[Image-text web data]
++++
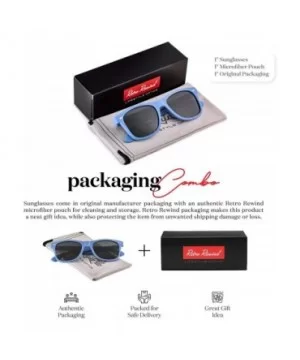 Classic Polarized Sunglasses - Matte Egyptian Blue - Smoke - C31960SUOC6 $6.45 Rectangular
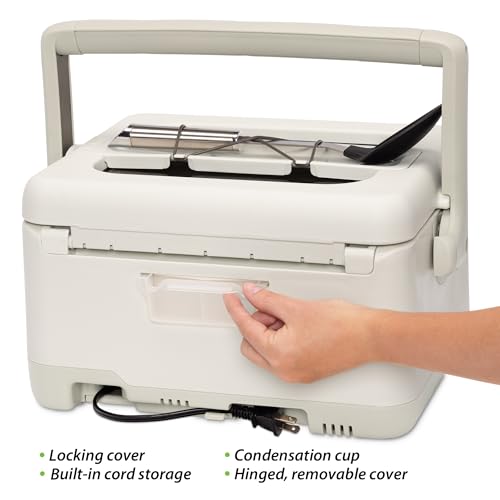 06030 8 quart Nomad Traveling Slow Cooker (White)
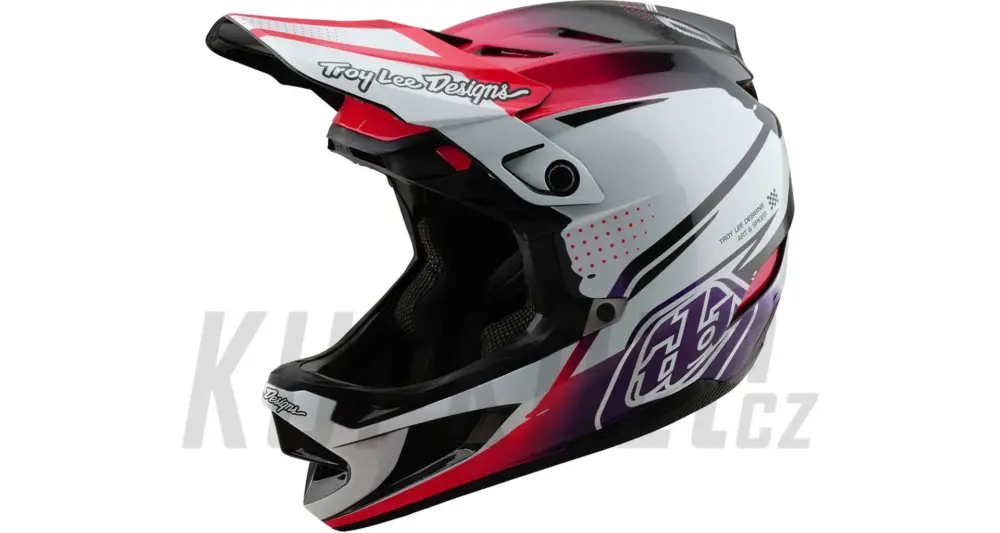 Helma Troy Lee Designs D4 Carbon Mips Drip white Ihned K Objednání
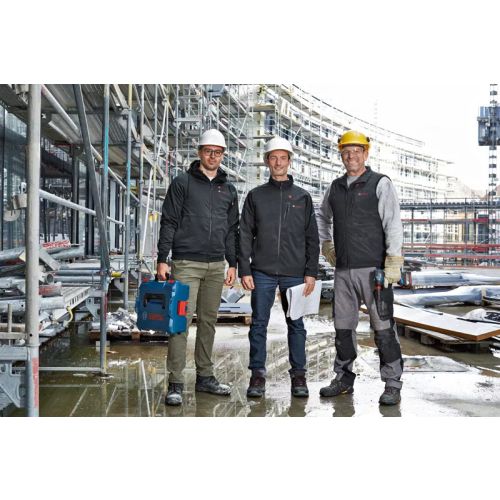 Veste chauffante à capuche idéale pour garder le corps au chaud taille M BOSCH 06188000GC photo du produit Secondaire 4 L
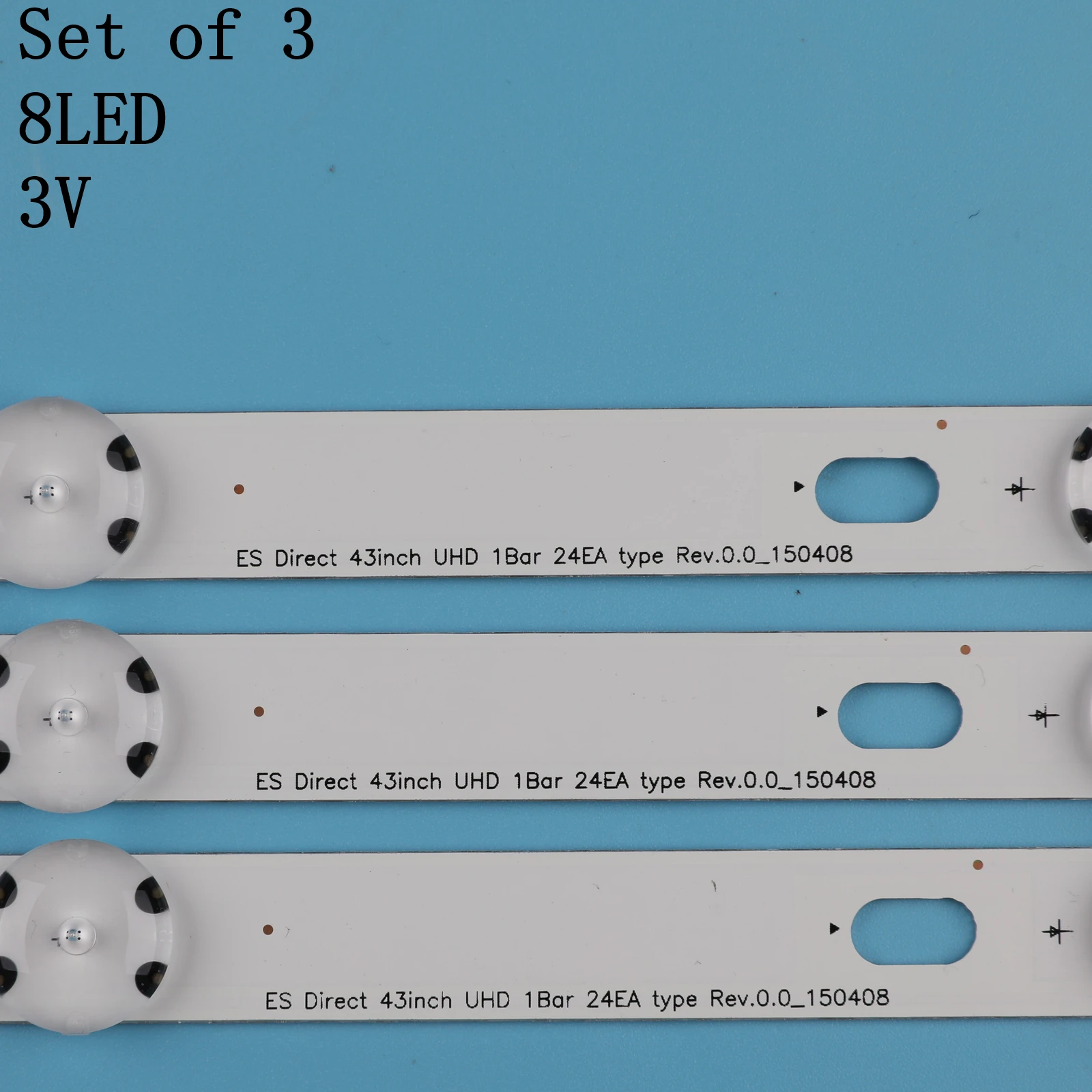 (Новый комплект) 3 шт. 8 светодиодный 850 мм фонарь для LG 43UH6030 43UF640 HC430DGN SLNX1 UF64_UHD_A 43LH60FHD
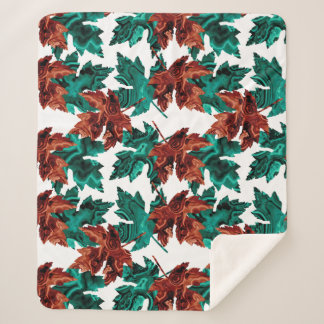 アゲートリーフシャーパブランケットスプルース/ブラウン シェルパブランケット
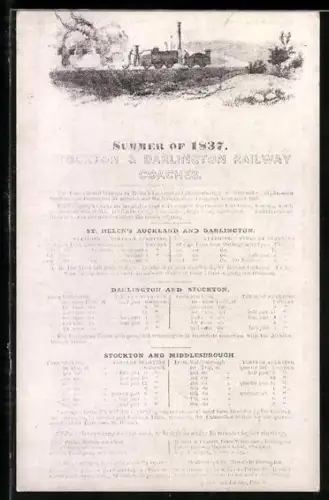 AK Summer of 1837, Kleinbahn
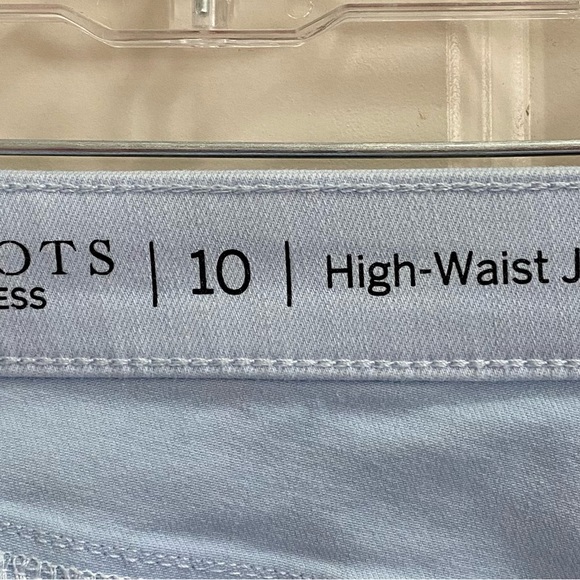 Talbots cropped high waist jeggings Sz10 in blue - Picture 3 of 4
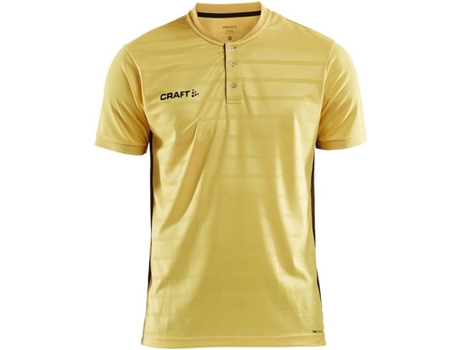 Camiseta de Hombre para Fútbol CRAFT Control Button Amarillo (S)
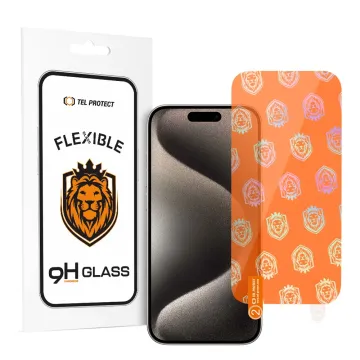 Tvrzené sklo Tel Protect Flexible Glass iPhone 15 Plus / 15 Pro Max
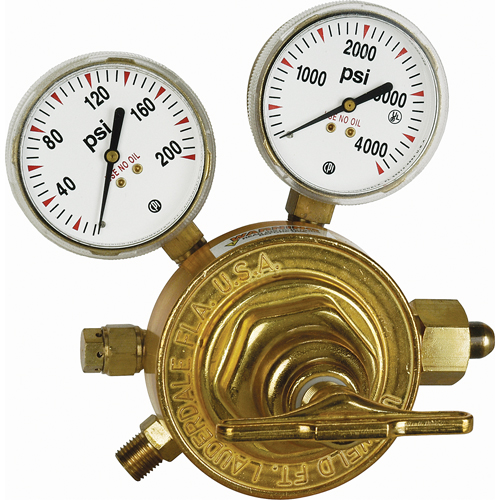 Heavy-Duty Single Stage Regulator, Oxygen, CGA540 Inlet Planification Entrepots Molloy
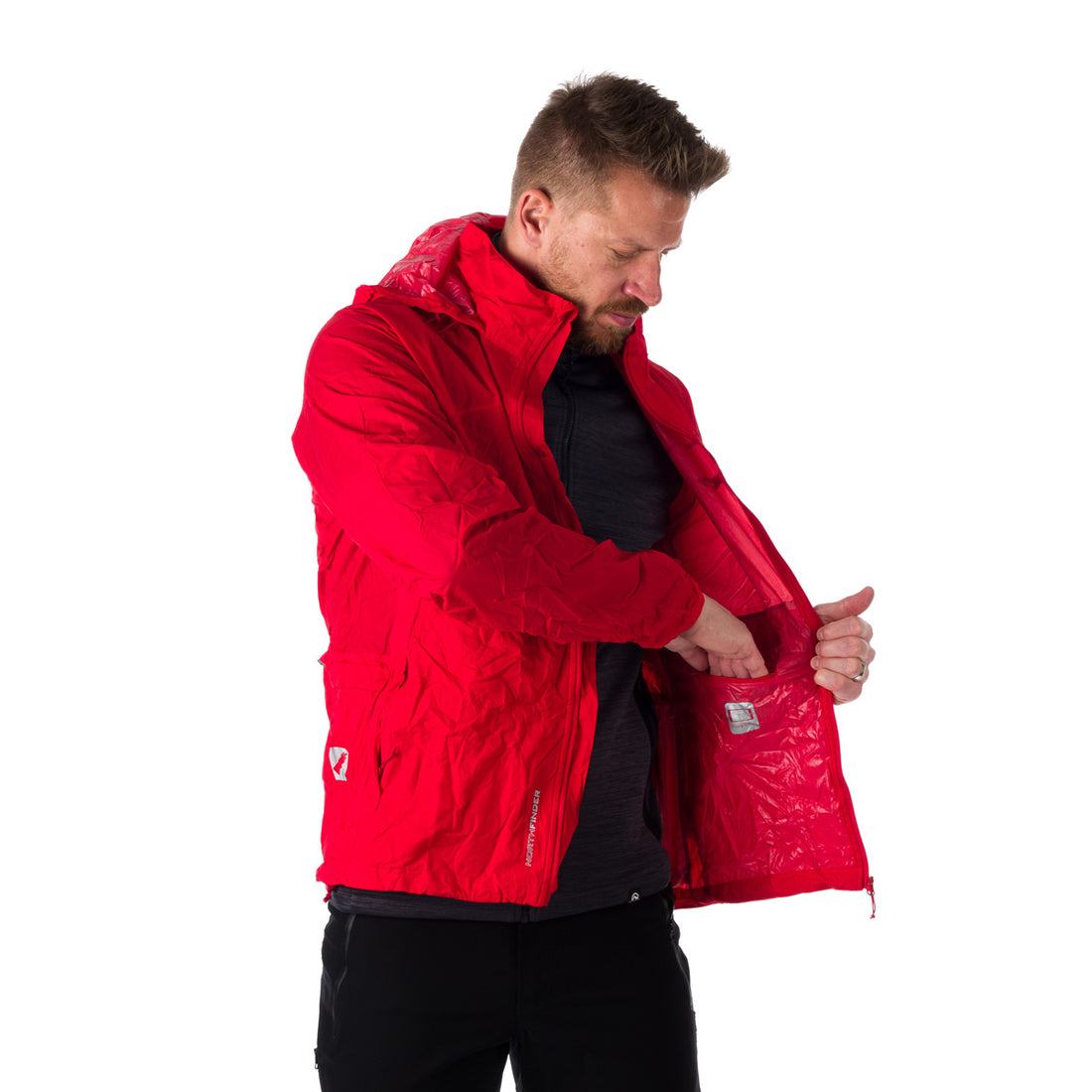 Men's waterproof multisport jacket stowable 2L NORTHKIT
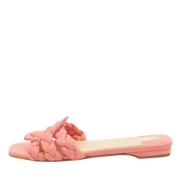 Christian Louboutin Pre-owned Pre-owned Laeder lgskor Pink, Dam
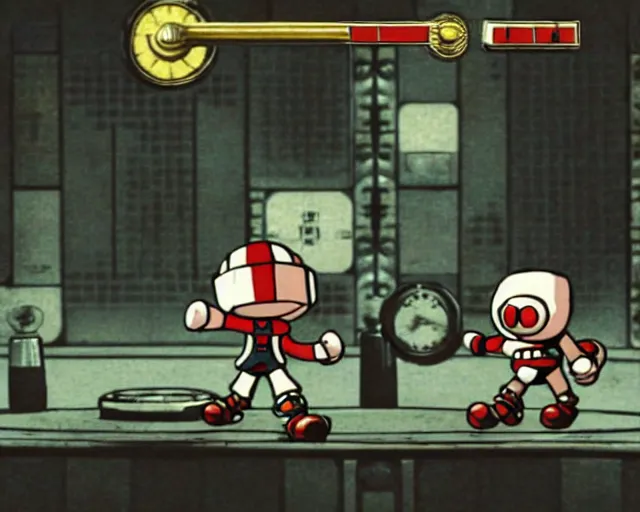 Image similar to bomberman in bioshock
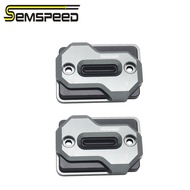 SEMSPEED Motorcycle 2pcs CNC Front Brake Fluid Reservoir Clutch Tank Oil Cup Cover For FKM Venture 1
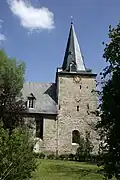 Kirchturm, von Süden gesehen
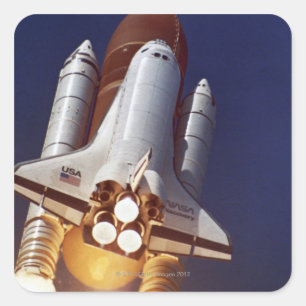 Sticker Carré Lancement de fusée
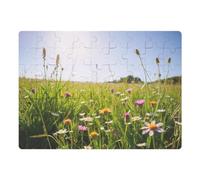 Azeeda A5 'Wildflower Field Scene' Magnetic Jigsaw Puzzle (JI00000668)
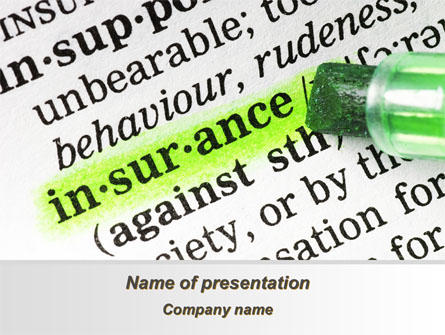 Insurance Interpretation Presentation Template, Master Slide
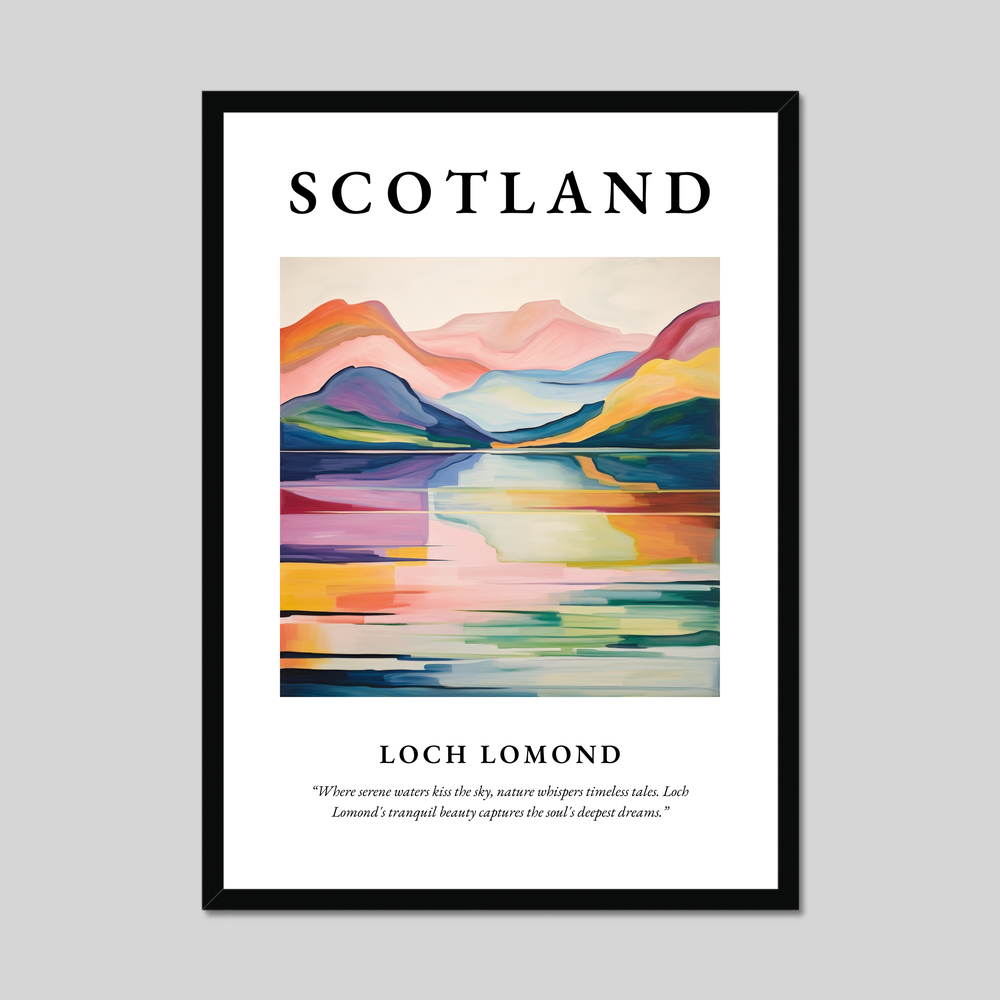 Poster of Loch Lomond, Scotland.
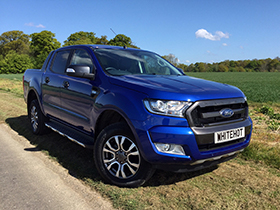 Ford Ranger Wildtrak Blue 22 White Hot Vans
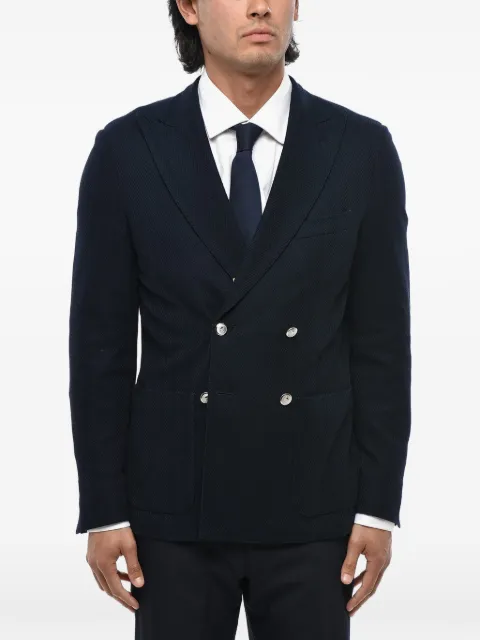 Corneliani textured double-breasted blazer Blue 85X5E00120124001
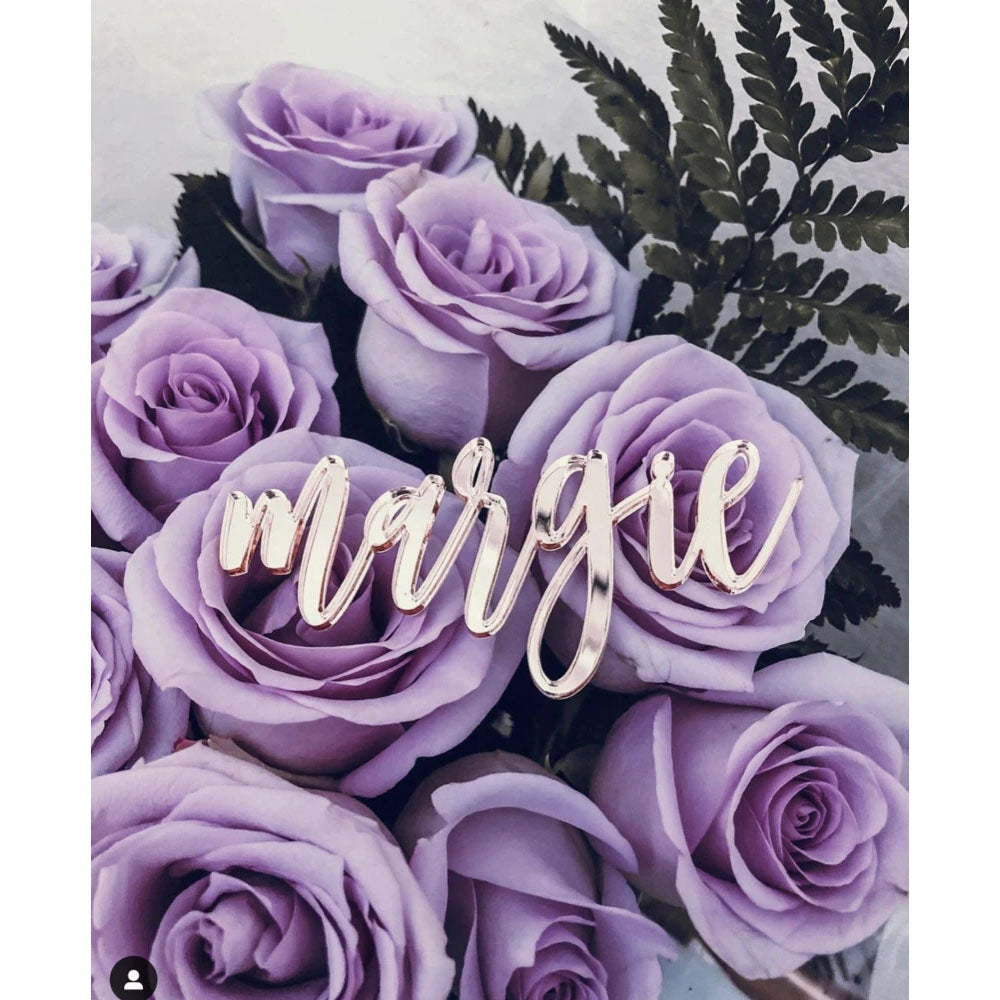 CUSTOM NAME PLACE CARD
++++
## Work to complete
Your reply should consist of the data, transcribed exactly, and should hold no pictures.

## Response area
 Classic Polarized Sunglasses - Matte Egyptian Blue - Smoke - C31960SUOC6 $6.45 Rectangular
 06030 8 quart Nomad Traveling Slow Cooker (White)
 Helma Troy Lee Designs D4 Carbon Mips Drip white Ihned K Objednání
 Veste chauffante à capuche idéale pour garder le corps au chaud taille M BOSCH 06188000GC photo du produit Secondaire 4 L
 (Новый комплект) 3 шт. 8 светодиодный 850 мм фонарь для LG 43UH6030 43UF640 HC430DGN SLNX1 UF64_UHD_A 43LH60FHD
 アゲートリーフシャーパブランケットスプルース/ブラウン シェルパブランケット
 AK Summer of 1837, Kleinbahn
 Talbots cropped high waist jeggings Sz10 in blue - Picture 3 of 4
 Camiseta de Hombre para Fútbol CRAFT Control Button Amarillo (S)
 Tvrzené sklo Tel Protect Flexible Glass iPhone 15 Plus / 15 Pro Max
 Heavy-Duty Single Stage Regulator, Oxygen, CGA540 Inlet Planification Entrepots Molloy
 Men's waterproof multisport jacket stowable 2L NORTHKIT
 Christian Louboutin Pre-owned Pre-owned Laeder lgskor Pink, Dam
 Image similar to bomberman in bioshock
 SEMSPEED Motorcycle 2pcs CNC Front Brake Fluid Reservoir Clutch Tank Oil Cup Cover For FKM Venture 1
 Kirchturm, von Süden gesehen
 Sticker Carré Lancement de fusée
 Azeeda A5 'Wildflower Field Scene' Magnetic Jigsaw Puzzle (JI00000668)
 Insurance Interpretation Presentation Template, Master Slide
 Poster of Loch Lomond, Scotland.
 Ford Ranger Wildtrak Blue 22 White Hot Vans
 Corneliani textured double-breasted blazer Blue 85X5E00120124001
 CUSTOM NAME PLACE CARD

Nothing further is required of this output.